One gets the distinct impression in watching the gold price action that the metal is beginning to simply trade on its own merits, independent of the conflicting cross currents swirling hither, thither and yon. As mentioned previously, nervous, uncertain investors want something tangible and fixed in the midst of this maze of perplexity. Gold is what it is – the pinnacle of safe havens and the ultimate in wealth preservation. Were it not for the price capping game that continues at the Comex, it would be considerably higher for in real terms (adjusted for inflation) it remains nearly 45% below its all time high priced in US Dollars.
Gold made several attempts to crack $1250 and hold above that level but the price riggers were busy absorbing all of the bids in their efforts to contain the metal. There was good buying throughout the entirety of the session, with decent volume although it tapered off when the metal could not push convincingly past $1250. I would like to see a 100,000 + volume reading during the New York pit session on any upside breakout.

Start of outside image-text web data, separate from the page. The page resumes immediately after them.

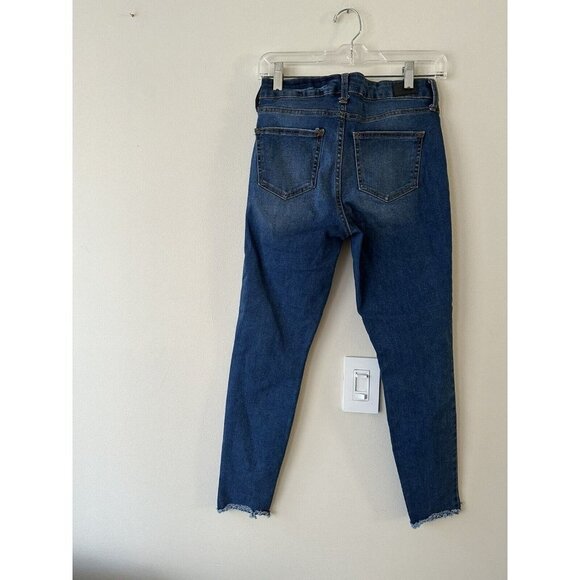 Celebrity Pink Mid Rise Ankle Skinny Jeans Size 3/26 Raw Hem Style CJ2203305 - Picture 2 of 11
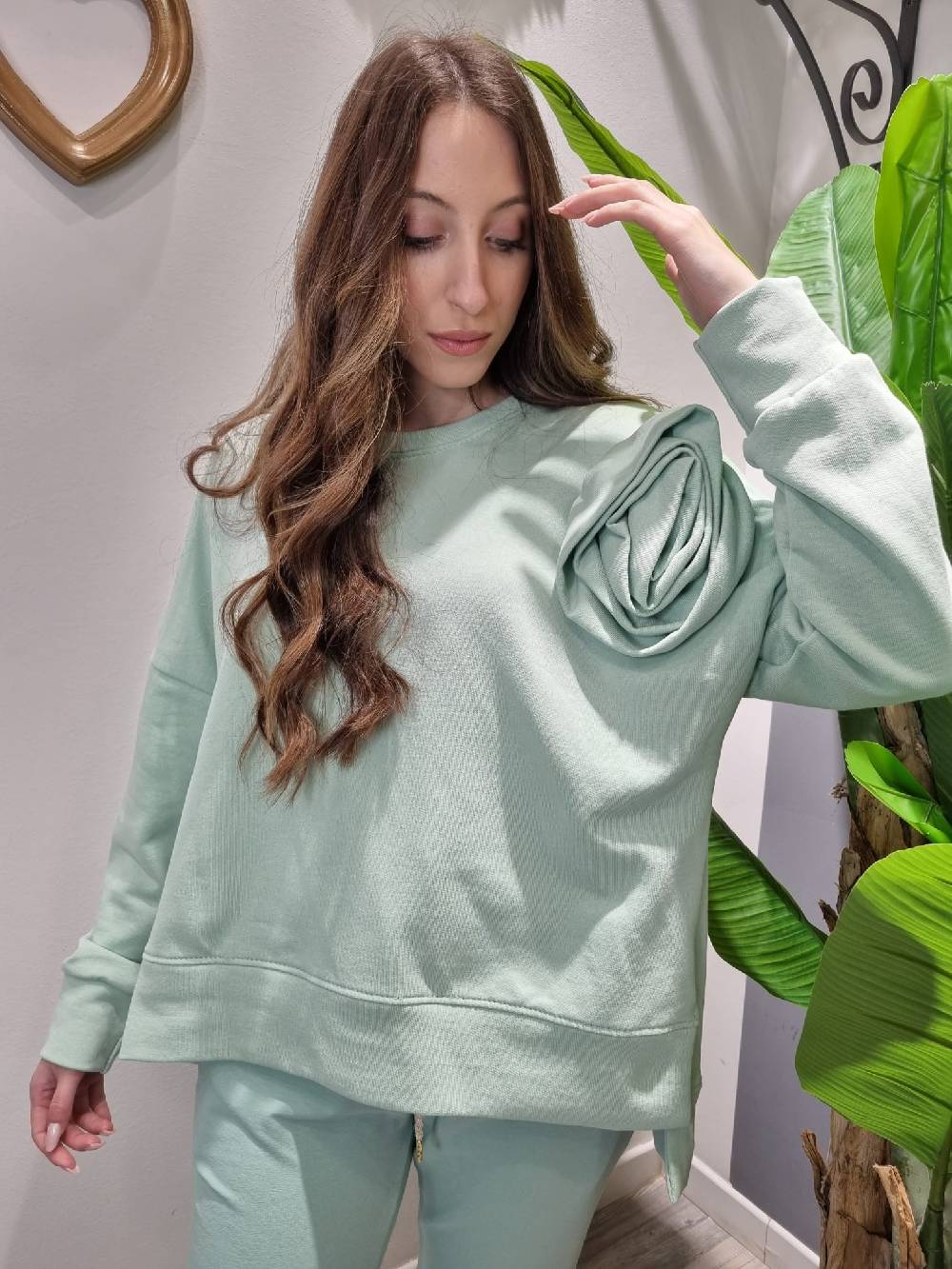 Le Chicche Felpa Menta Fiore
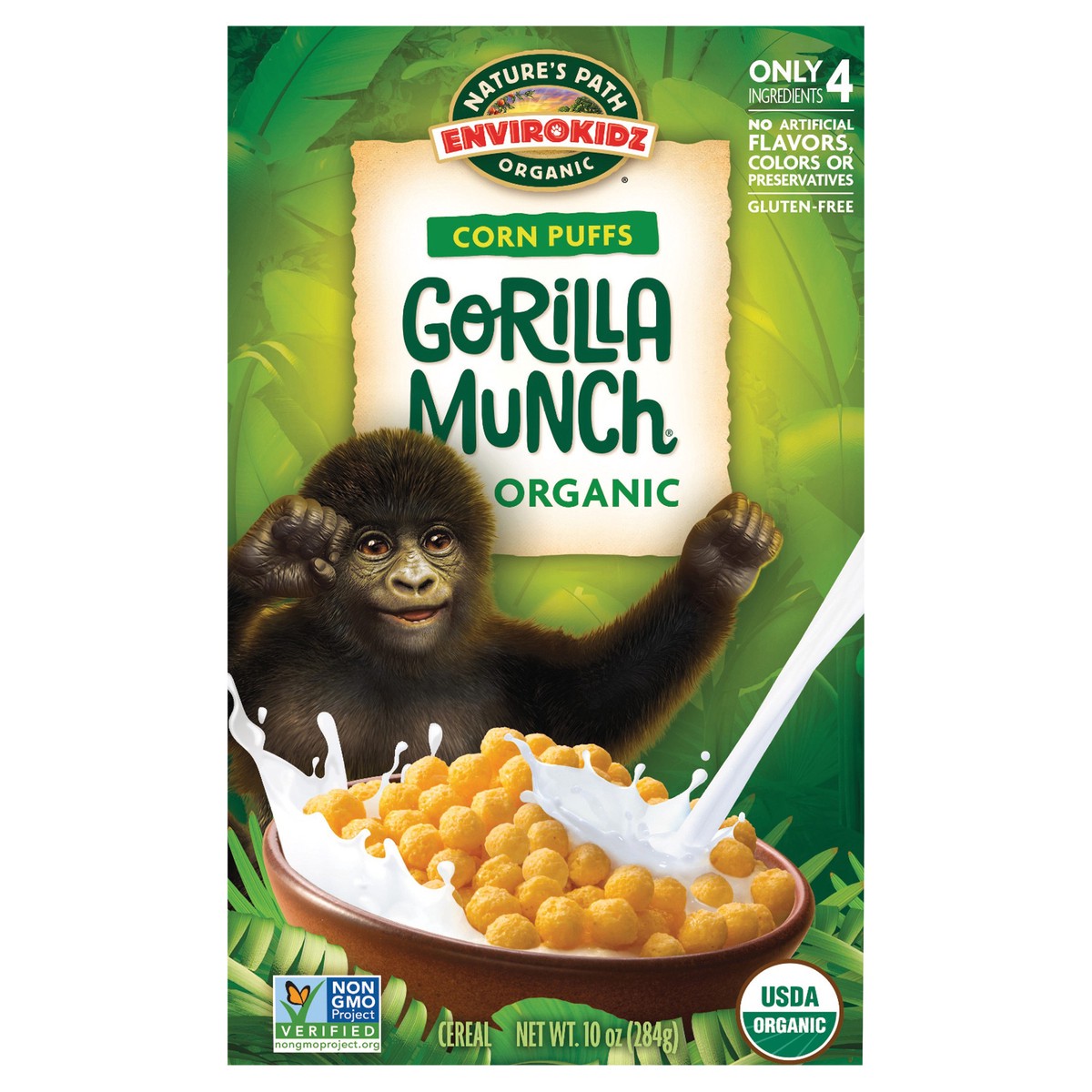 slide 1 of 3, Nature's Path Organic Nature's Path Envirokidz Organic Gorilla Munch Cold Cereal 10oz Box, 10 oz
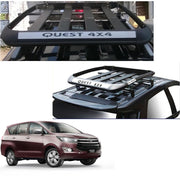 Car Roof Quest Luggage (4x 4) Frame Aluminum Roof Frame Universal Roof Frame Travel Frame Load Frame Load Over 100 kg Roof Shelves Luggage Box Roof Rack (Black)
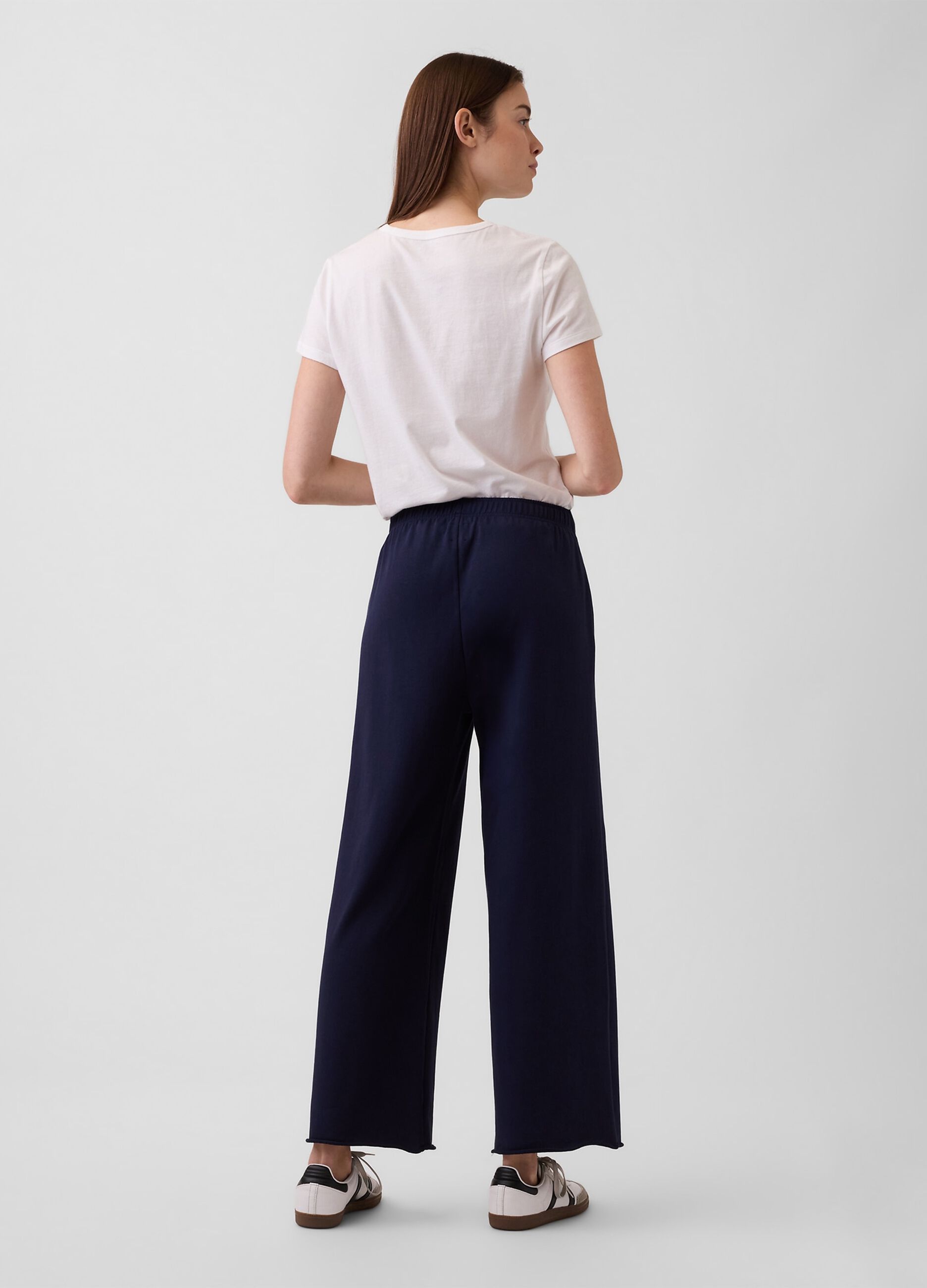 Joggers a palazzo in misto cotone con logo GAP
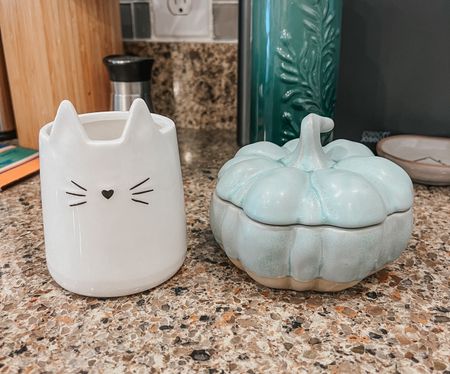 My latest target finds 🐾😻🎃 similar cat pots tagged because it sold out, but the blue pumpkin bowl and lid are still available! 

#LTKHalloween #LTKhome #LTKSeasonal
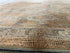 Delphine Krakoff 8.3x10 Light Brown and Blue Hand-Knotted Oushak Rug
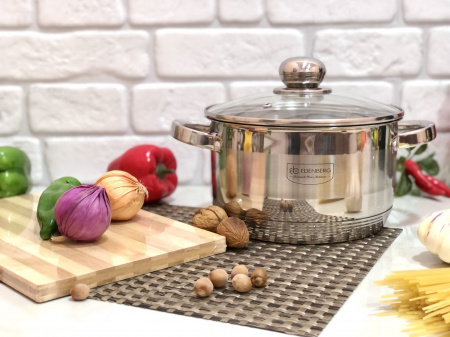 Кастрюля с крышкой Edenberg EB - 3007 - 5,5 л ✅ базовая цена $20.23 ✔ Опт ✔ Скидки ✔ Заходите! - Интернет-магазин ✅ Фортуна-опт ✅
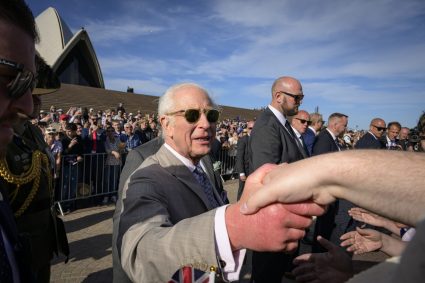 King Charles Is Seen Greeting With The Members Of The Public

That would indicate that we have buyers serious enough to take on the infernal bullion banks and their pestilential non-stop selling charade. Open interest indicates that we have some room for new buying as we are still well below the recent peak above 600,000.
I should point out here that gold did put in a RECORD HIGH CLOSING PRICE for a continuous front month contract. That is impressive technically and favors the bullish cause, in spite of the obvious capping attempt by the banks.
The silver chart looks like it is managing an upside break of the recent congestion range trade but I would like to see it get above $19 to feel more confident about it. Copper can at times work to pull silver lower when the red metal moves down so silver’s strength is especially noteworthy.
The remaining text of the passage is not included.